Soil science has long been a core discipline in many universities and colleges across Canada. Traditionally, soil science as an academic discipline was linked to agriculture programmes, with many of these being among the first to be introduced at universities and colleges across Canada. Over time, however, soil science has spread far beyond its traditional roots and is now foundational in many programs including those in environmental science, geography, and environmental engineering to name a few. A recent Canadian study examining soil science courses in Canada identified 80 post-secondary academic units offering soil science courses (Diochon et al. 2017, Can. J. Soil Sci. 97: 122–132), including 63 offering introductory soil science courses (Krzic et al. 2018, Can. J. Soil Sci. 98: 343–356) with an estimated yearly enrolment of more than 3,000 students.
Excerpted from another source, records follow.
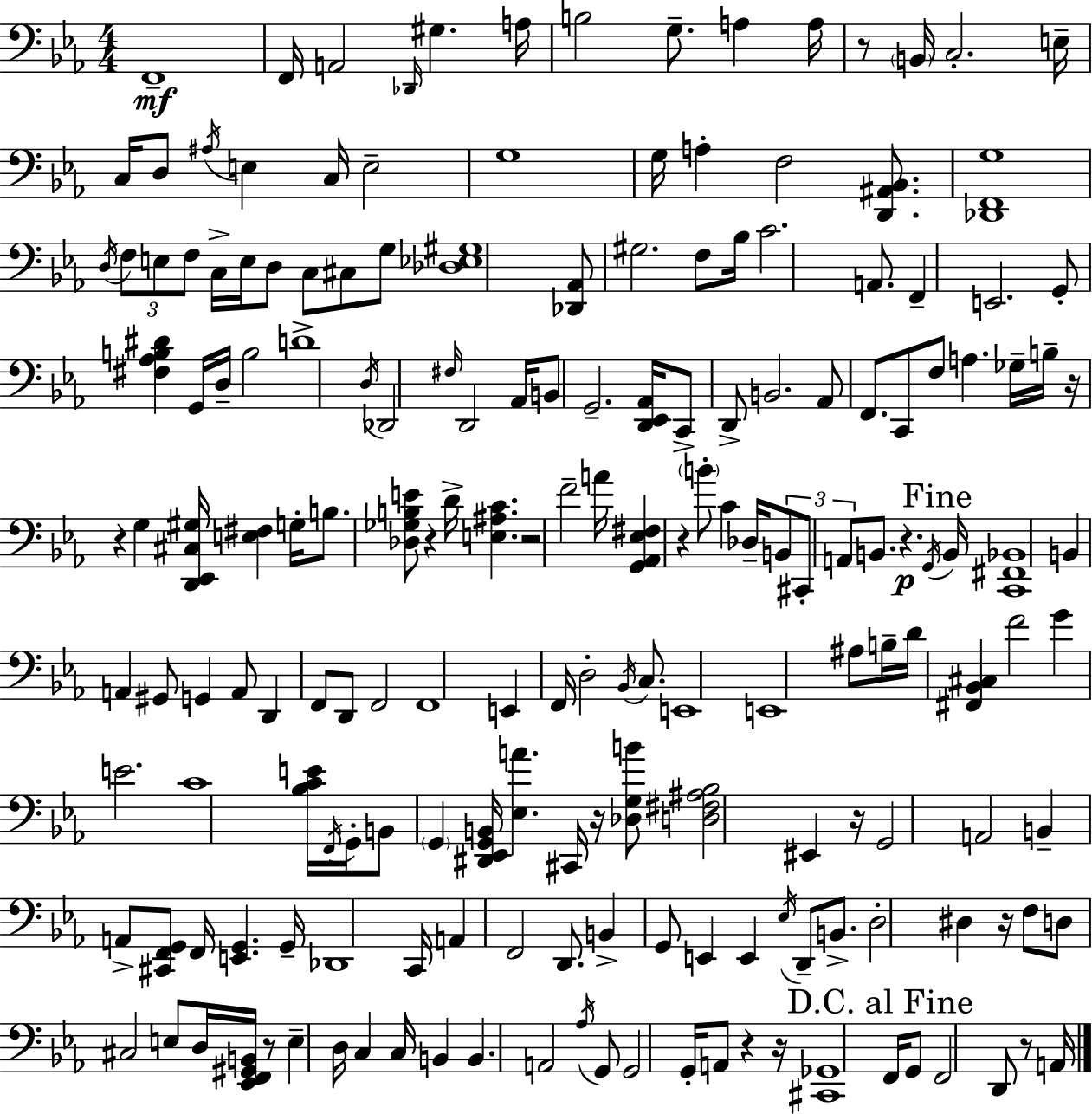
X:1
T:Untitled
M:4/4
L:1/4
K:Eb
F,,4 F,,/4 A,,2 _D,,/4 ^G, A,/4 B,2 G,/2 A, A,/4 z/2 B,,/4 C,2 E,/4 C,/4 D,/2 ^A,/4 E, C,/4 E,2 G,4 G,/4 A, F,2 [D,,^A,,_B,,]/2 [_D,,F,,G,]4 D,/4 F,/2 E,/2 F,/2 C,/4 E,/4 D,/2 C,/2 ^C,/2 G,/2 [_D,_E,^G,]4 [_D,,_A,,]/2 ^G,2 F,/2 _B,/4 C2 A,,/2 F,, E,,2 G,,/2 [^F,_A,B,^D] G,,/4 D,/4 B,2 D4 D,/4 _D,,2 ^F,/4 D,,2 _A,,/4 B,,/2 G,,2 [D,,_E,,_A,,]/4 C,,/2 D,,/2 B,,2 _A,,/2 F,,/2 C,,/2 F,/2 A, _G,/4 B,/4 z/4 z G, [D,,_E,,^C,^G,]/4 [E,^F,] G,/4 B,/2 [_D,_G,B,E]/2 z D/4 [E,^A,C] z2 F2 A/4 [G,,_A,,_E,^F,] z B/2 C _D,/4 B,,/2 ^C,,/2 A,,/2 B,,/2 z G,,/4 B,,/4 [C,,^F,,_B,,]4 B,, A,, ^G,,/2 G,, A,,/2 D,, F,,/2 D,,/2 F,,2 F,,4 E,, F,,/4 D,2 _B,,/4 C,/2 E,,4 E,,4 ^A,/2 B,/4 D/4 [^F,,_B,,^C,] F2 G E2 C4 [_B,CE]/4 F,,/4 G,,/4 B,,/2 G,, [^D,,_E,,G,,B,,]/4 [_E,A] ^C,,/4 z/4 [_D,G,B]/2 [D,^F,^A,_B,]2 ^E,, z/4 G,,2 A,,2 B,, A,,/2 [^C,,F,,G,,]/2 F,,/4 [E,,G,,] G,,/4 _D,,4 C,,/4 A,, F,,2 D,,/2 B,, G,,/2 E,, E,, _E,/4 D,,/2 B,,/2 D,2 ^D, z/4 F,/2 D,/2 ^C,2 E,/2 D,/4 [_E,,F,,^G,,B,,]/4 z/2 E, D,/4 C, C,/4 B,, B,, A,,2 _A,/4 G,,/2 G,,2 G,,/4 A,,/2 z z/4 [^C,,_G,,]4 F,,/4 G,,/2 F,,2 D,,/2 z/2 A,,/4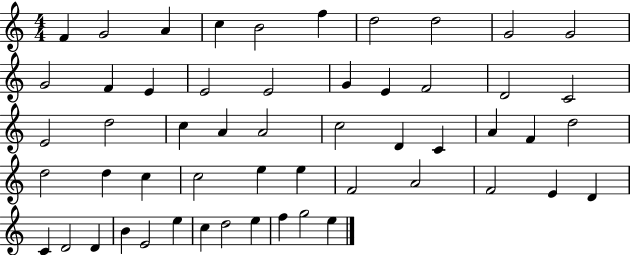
F4/q G4/h A4/q C5/q B4/h F5/q D5/h D5/h G4/h G4/h G4/h F4/q E4/q E4/h E4/h G4/q E4/q F4/h D4/h C4/h E4/h D5/h C5/q A4/q A4/h C5/h D4/q C4/q A4/q F4/q D5/h D5/h D5/q C5/q C5/h E5/q E5/q F4/h A4/h F4/h E4/q D4/q C4/q D4/h D4/q B4/q E4/h E5/q C5/q D5/h E5/q F5/q G5/h E5/q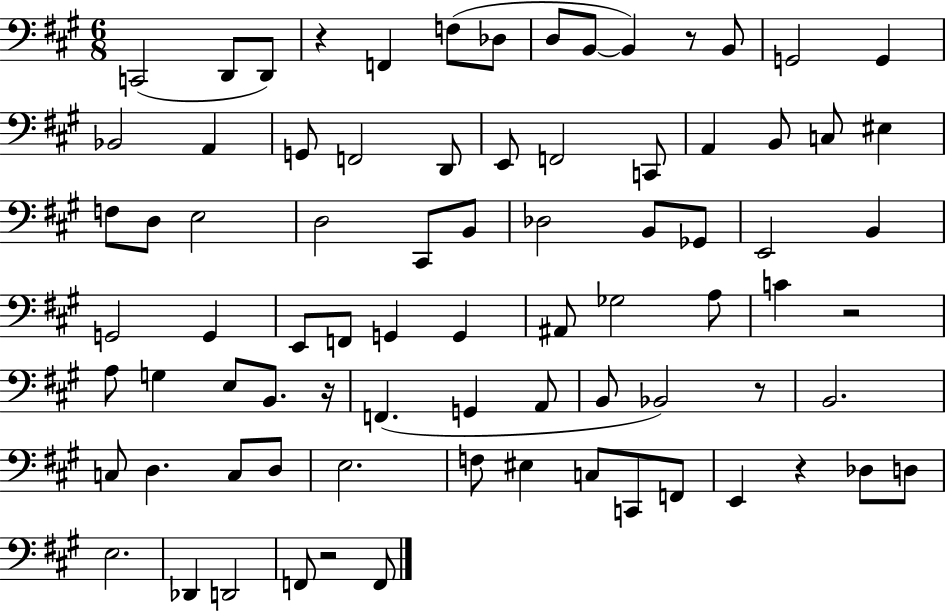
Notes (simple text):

C2/h D2/e D2/e R/q F2/q F3/e Db3/e D3/e B2/e B2/q R/e B2/e G2/h G2/q Bb2/h A2/q G2/e F2/h D2/e E2/e F2/h C2/e A2/q B2/e C3/e EIS3/q F3/e D3/e E3/h D3/h C#2/e B2/e Db3/h B2/e Gb2/e E2/h B2/q G2/h G2/q E2/e F2/e G2/q G2/q A#2/e Gb3/h A3/e C4/q R/h A3/e G3/q E3/e B2/e. R/s F2/q. G2/q A2/e B2/e Bb2/h R/e B2/h. C3/e D3/q. C3/e D3/e E3/h. F3/e EIS3/q C3/e C2/e F2/e E2/q R/q Db3/e D3/e E3/h. Db2/q D2/h F2/e R/h F2/e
Several introductory soil science textbooks are available and commonly used as resources; however, until now, none of these textbooks specifically address the soils of Canada or use the Canadian System of Soil Classification when describing soils. The need for a Canadian textbook has long been discussed by members of the Soil Education Committee of the Canadian Society of Soil Science, and in 2018, a proposal to forge ahead with the development of an introductory soil science textbook was enthusiastically supported by the membership of the Canadian Society of Soil Science at its annual general meeting. This textbook is a result of those discussions. Digging Into Canadian Soils: An Introduction to Soil Science, available in both English and French, provides an introduction to the core sub-disciplines of soil science, and introduces the concepts and vocabulary needed by students just beginning their soil science journey. Additionally, the textbook provides supplementary materials that are regionally specific, or may be of specific interest beyond what might be considered core soil science disciplinary material. Importantly, the textbook also is intended to introduce students to the Canadian System of Soil Classification using examples from across Canada, the world’s second largest country by area, and to the Canadian Society of Soil Science, whose members share a common passion for soil science and are keen to share and instill this passion with students across the country and beyond.
Digging Into Canadian Soils: An Introduction to Soil Science is comprised of 17 chapters written by 41 authors and co-authors that cover the core sub-disciplines of soil science (eight chapters), five chapters that describe the distribution of soils across Canada, four special topics chapters, and a Glossary of common terminology used in soil science. Each chapter was overseen by an editor and reviewed by external reviewers. The book chapters are written at a level that assumes an introductory university level understanding of chemistry and biology.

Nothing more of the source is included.